The giant bog filter worked well, but it was now 15 years old and suffered from channeling. We were able to clean it up a bit using MicrobeLift Sludge Remover, but the result was modest at best. Molly wanted a more traditional pond filtration system but I was thinking about rebuilding the bog, though in a more maintainable configuration. The year before, a former IWGKS member gave Molly and Sue Boydstun an opportunity to salvage some old equipment. This included an old Ultima II 20000 filter. Boy was I surprised to see that in the back of the truck when I got home from work that evening. The filter was the factor that pushed me over to my wife’s way of thinking, and the bog was out.

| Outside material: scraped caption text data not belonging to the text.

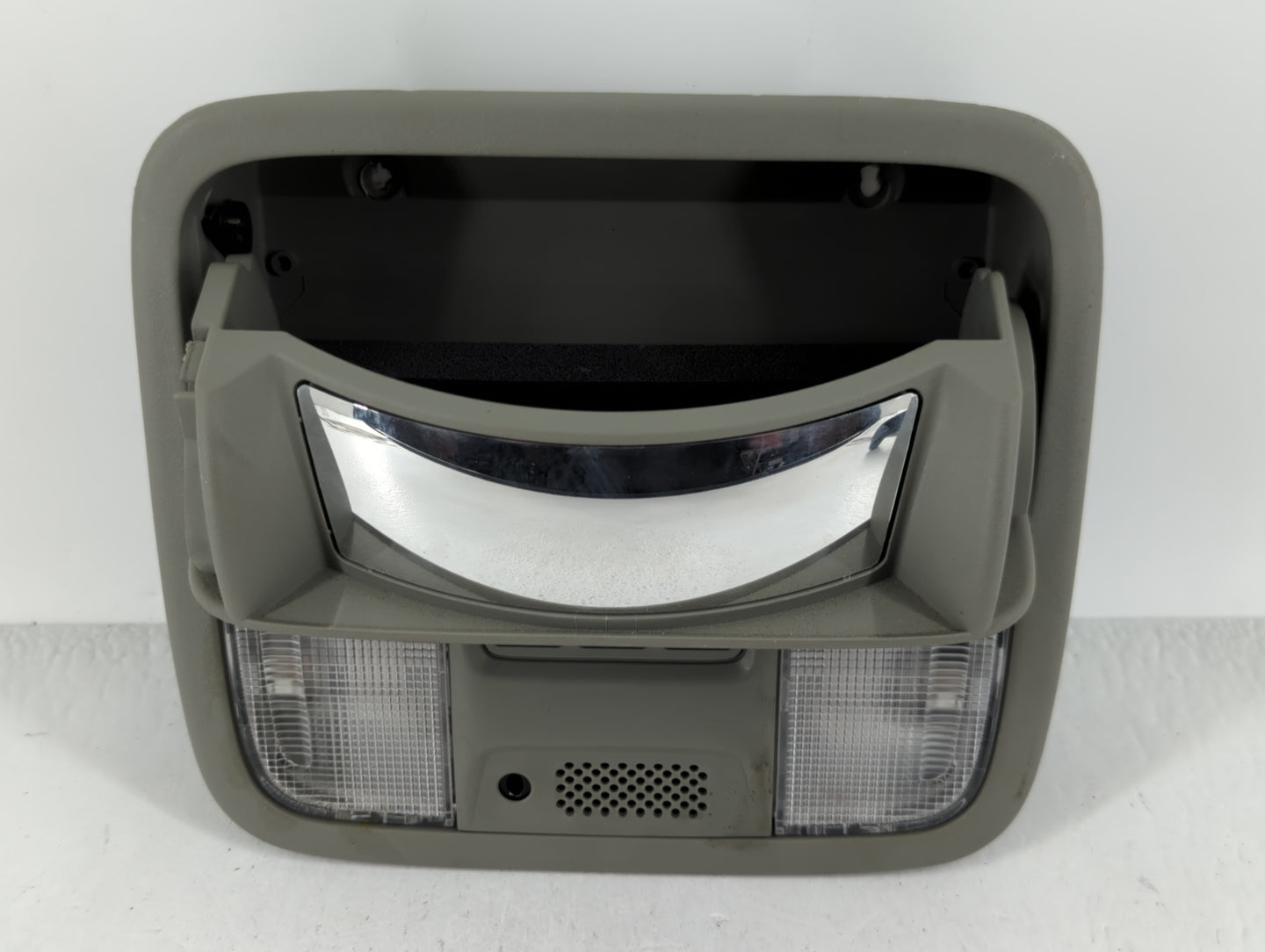 2010 Honda Odyssey Overhead Roof Console - Oemusedautoparts1.com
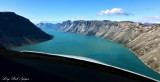 Cruising Sondre Stromfjord Greenland 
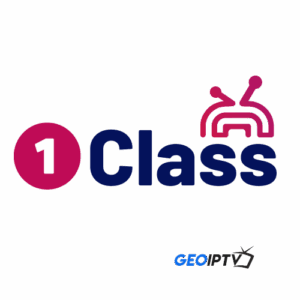 1st Class IPTV: Best IPTV for Global Channels IPTV Service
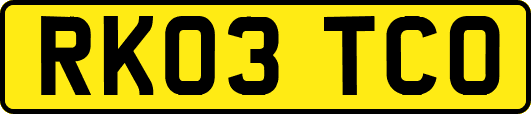 RK03TCO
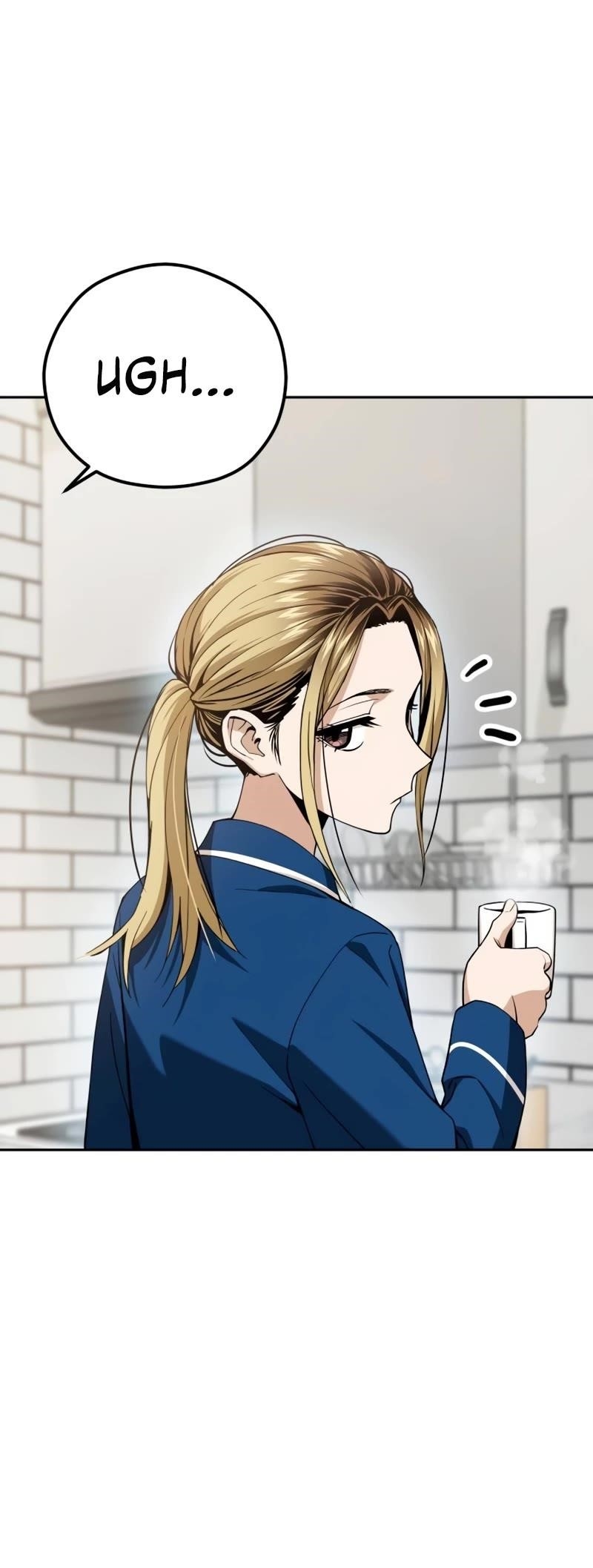 Maybe Meant to Be - Chapter 90 Page 39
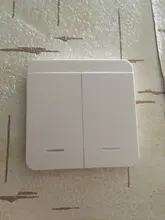 Smart-Light-Switch Lamp Remote-Control Push-Button Universal 433mhz Wireless 10A 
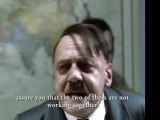 Hitler Reacts to Osama bin Laden's Death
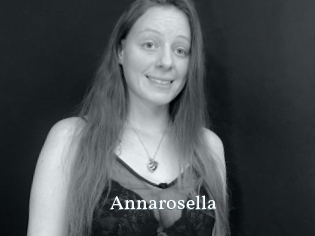 annarosella SexyIdol
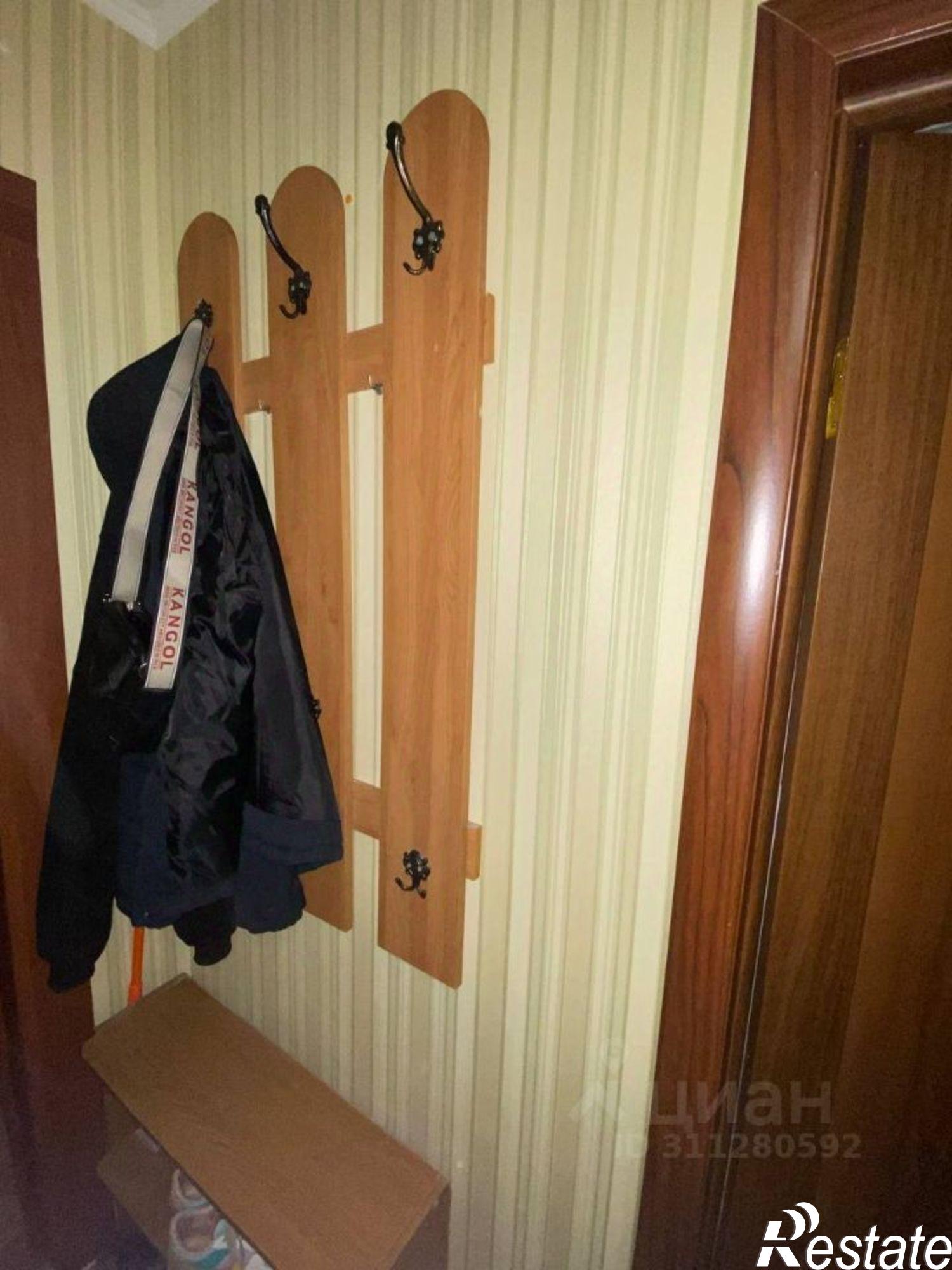 Сдать комнату за 20 000 рублей на ул Коробкова, 16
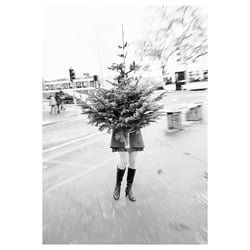 Weihnachtskarte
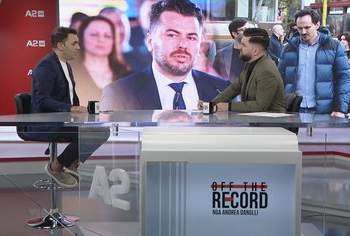 “Rama me skenarin serb”/ Këlliçi sulmon Lapajn dhe Shabanin: Donit përçarjen e PD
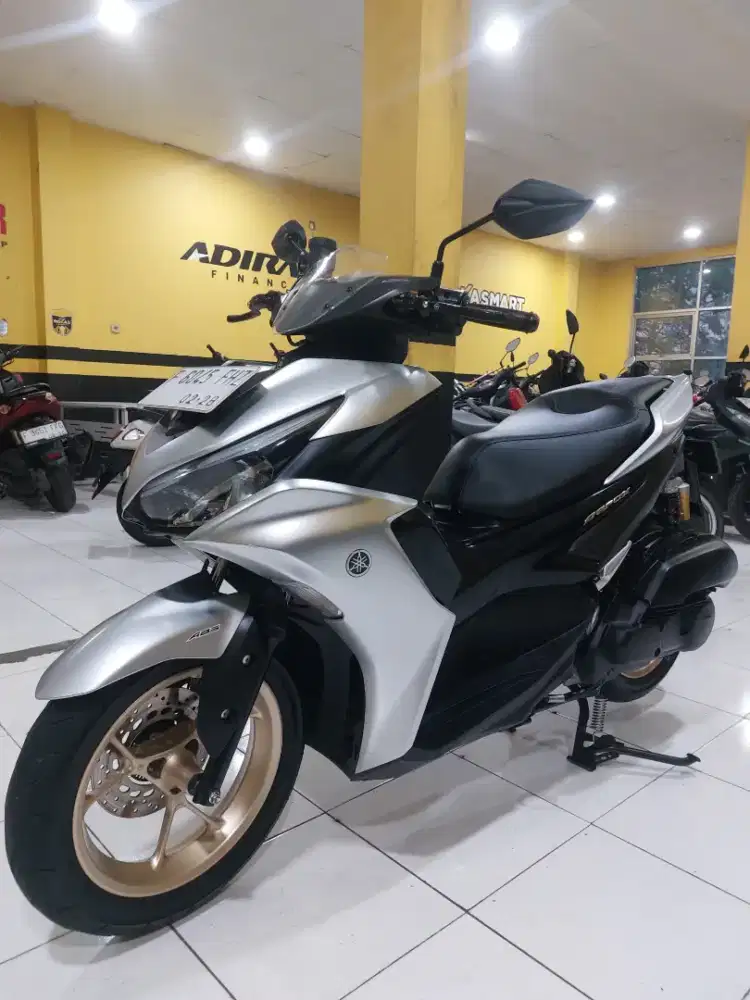 AEROX ABS KAYLES TAHUN 2023,MASIH ENAK BANGET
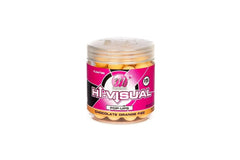 MAINLINE HI-VISUAL MINI POP-UPS 12mm - 150ml TUB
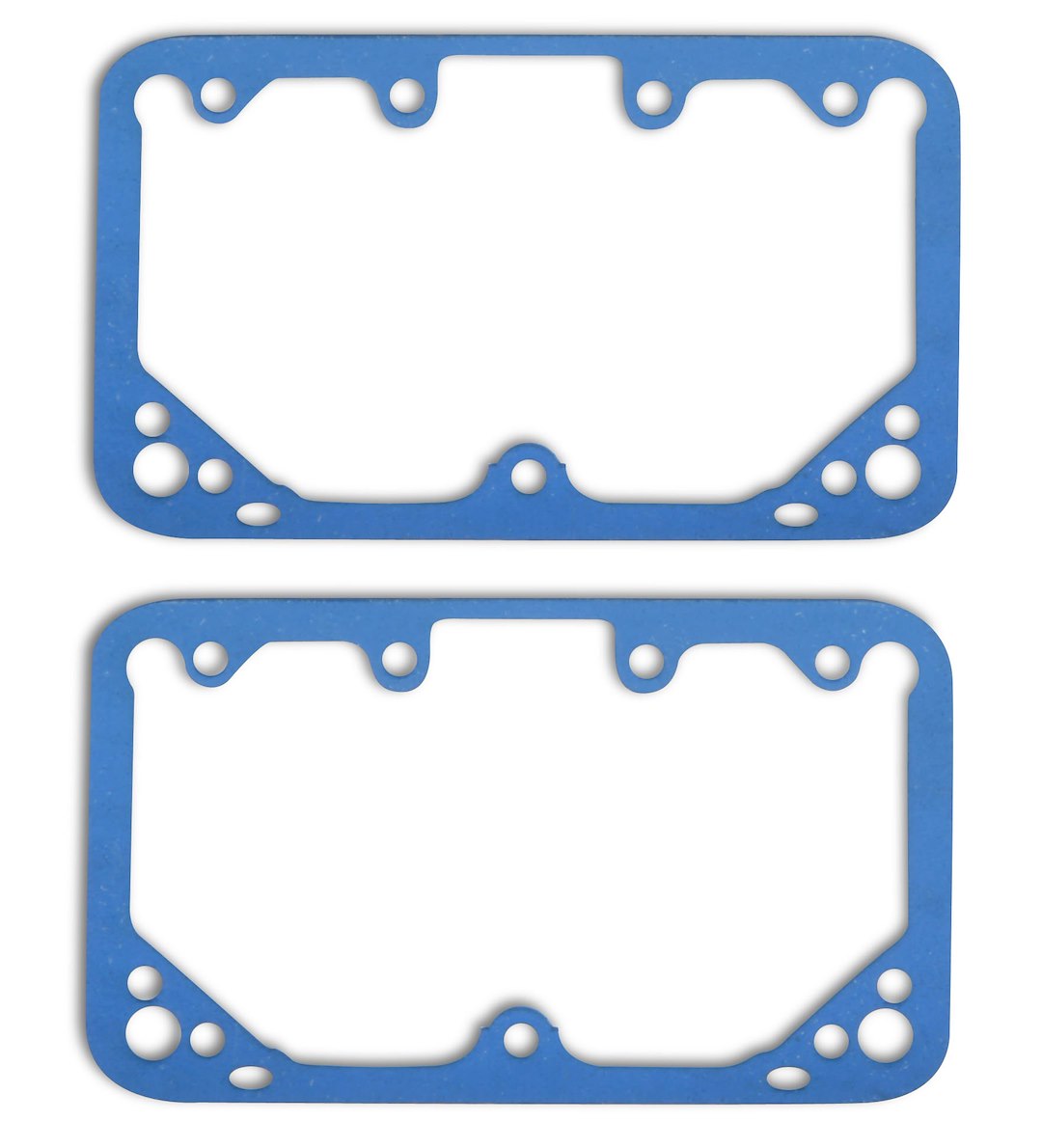 Holley Performance 108-120 Carburetor Float Bowl Gasket||108-120.Jpg||85||h19108120||1254159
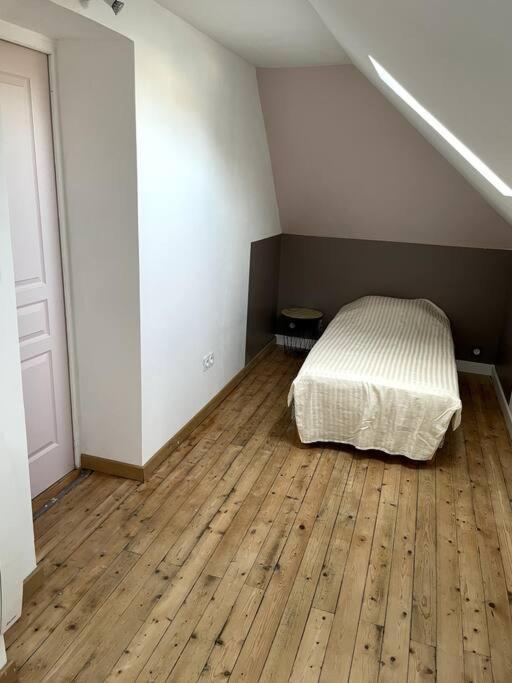 Maison De Charme Proche Centre-Ville Dieppe Eksteriør billede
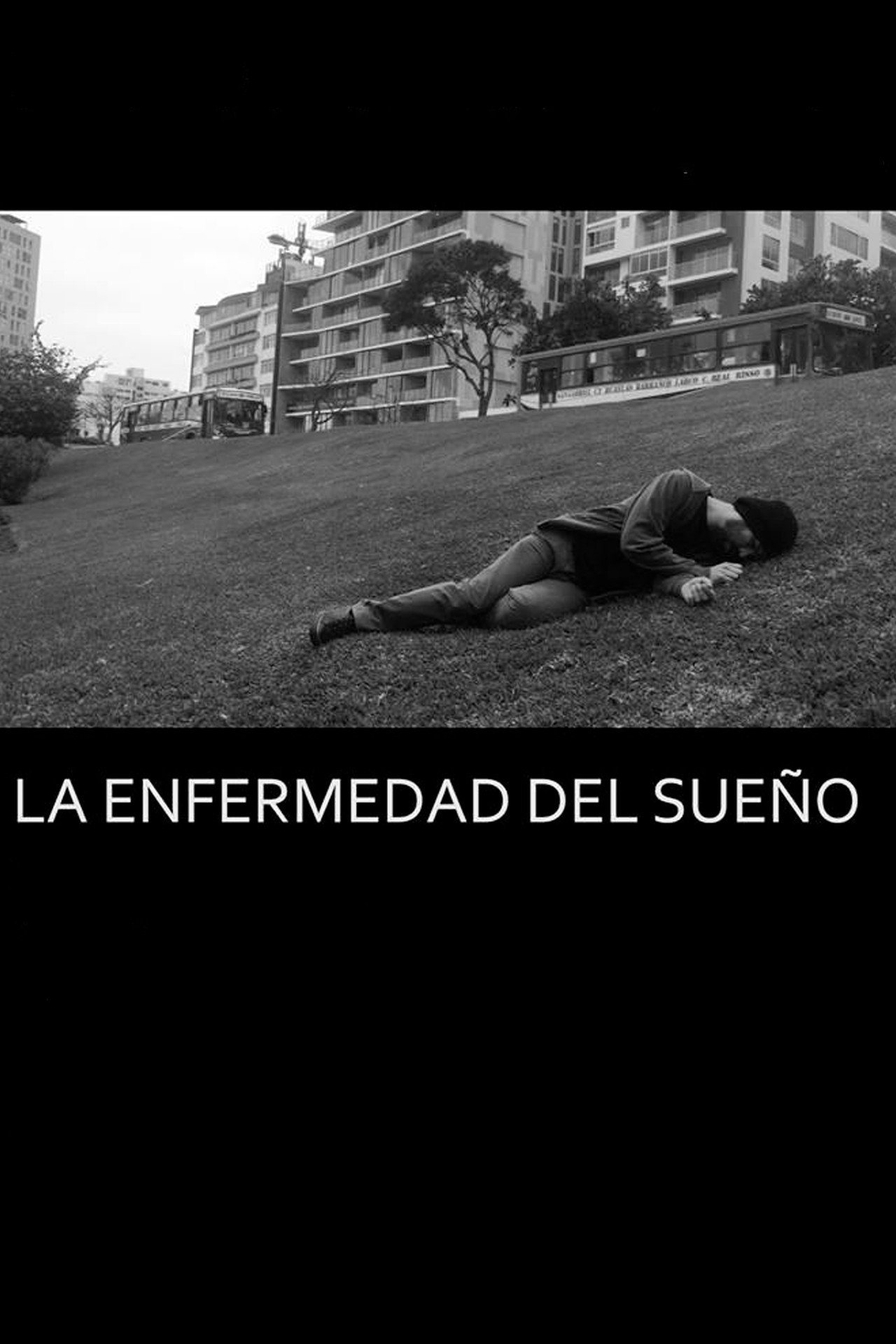 La Enfermedad del Sueño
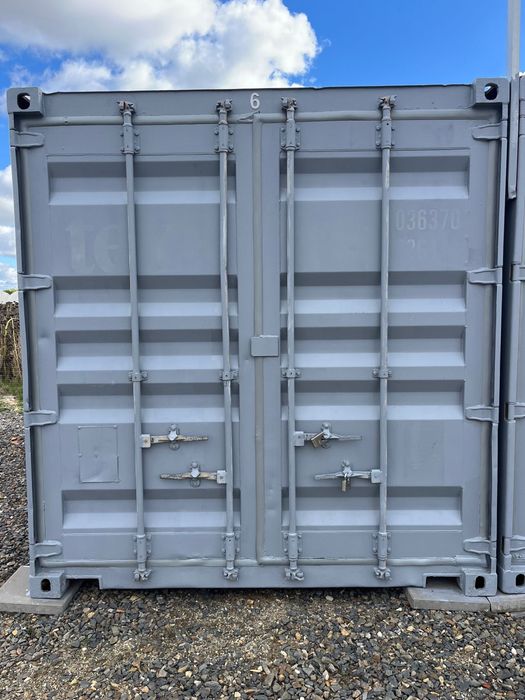 Chirie - spatiu - boxe depozitare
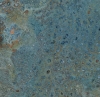 Керамогранит ENNFACE Oxido Cobalt Metallic 60х120 см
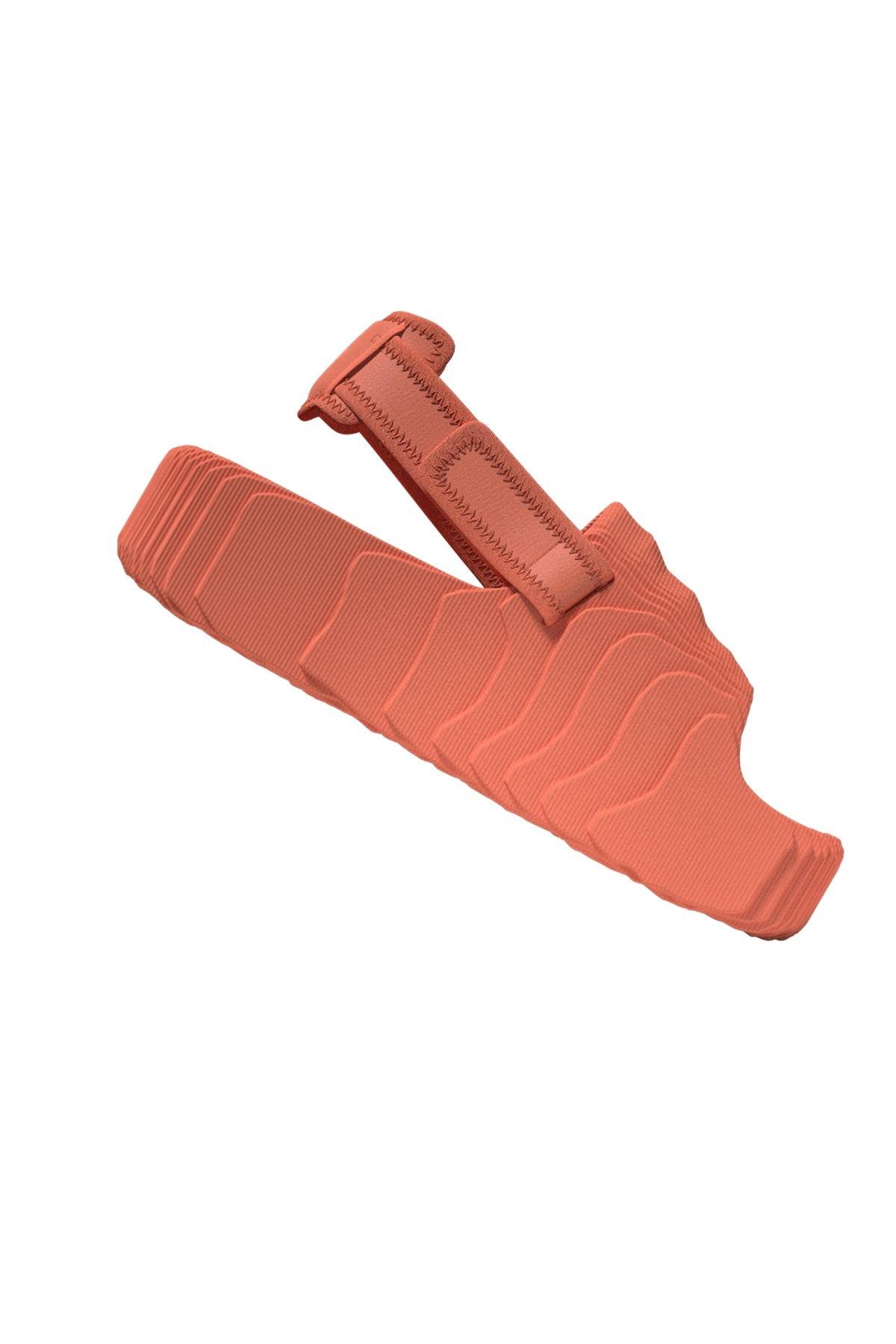 adidas Kadın  Turuncu  Terlik ADILETTE 22 XLG W JH9700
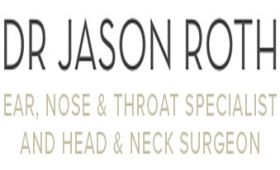 Dr Jason Roth
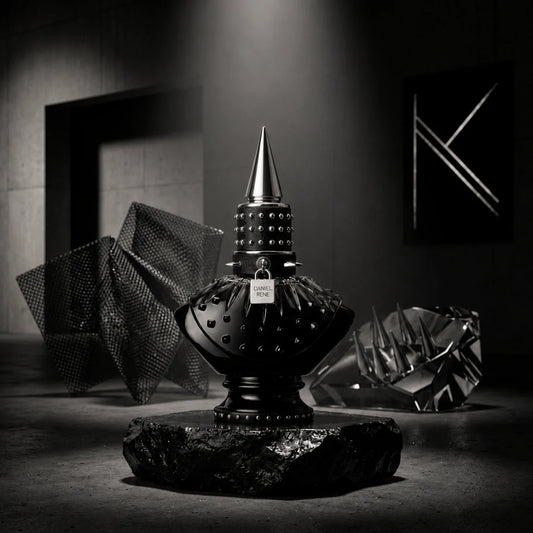 Midnight Sin Eau de Parfum Unisex | Fragancia Gourmand, Floral y Oriental 100 ml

I refurbished the filter in spring 2017 by adding a new valve assembly (ordered from Aqua Ultraviolet), repairing the jets (by mending the molding seams), and cleaning out the old media. The filter became the cornerstone of our filtration system. Ultima IIs have some known drawbacks, like easily clogged media, but for us a $500 refurbish job beats a new $3000-$4000 filter. There are documented ways to improve the operation of the Ultima II: using compressed air for cleaning and ensuring adequate water flow through the filter.
With the filter in good shape, I dove into the filtration system design. I did a lot of reading about PVC pipe diameter, friction loss, head loss, water speed, solids settling, etc. I’m still learning new stuff every time I get into research mode. I was a planning on getting a fine art degree in college and I have felt (only a few times) that I should have gone into mechanical engineering. At some point, I felt comfortable enough to try to get my ideas out on paper and drew up a first draft concept of how the system would work.
Any experienced pond engineer will tell you this design isn’t great, but you have to start somewhere. I believe this is an important step for any project because it allows you to coalesce the swirling bits and pieces of information and theory into something you can visualize and refine.
With a plan on paper, I started to figure out how to position the new pond and its equipment within the current footprint of our pond. The obvious place to put the equipment was in the bog garden. Because the pond will be one giant hole, we need a structure to separate the equipment, such as a concrete or block wall. The liner will extend over the part of the wall forming one end of the pond to keep the equipment area dry.
This was the first iteration with everything roughly laid out. There are some obvious design flaws (each bottom drain needs its own pipe), but it’s only draft #1.
As the project has progressed I have able been tap into some extensive knowledge from local IWGKS members. While the details of the design have changed, the overall plan is still fairly similar to these original drawings.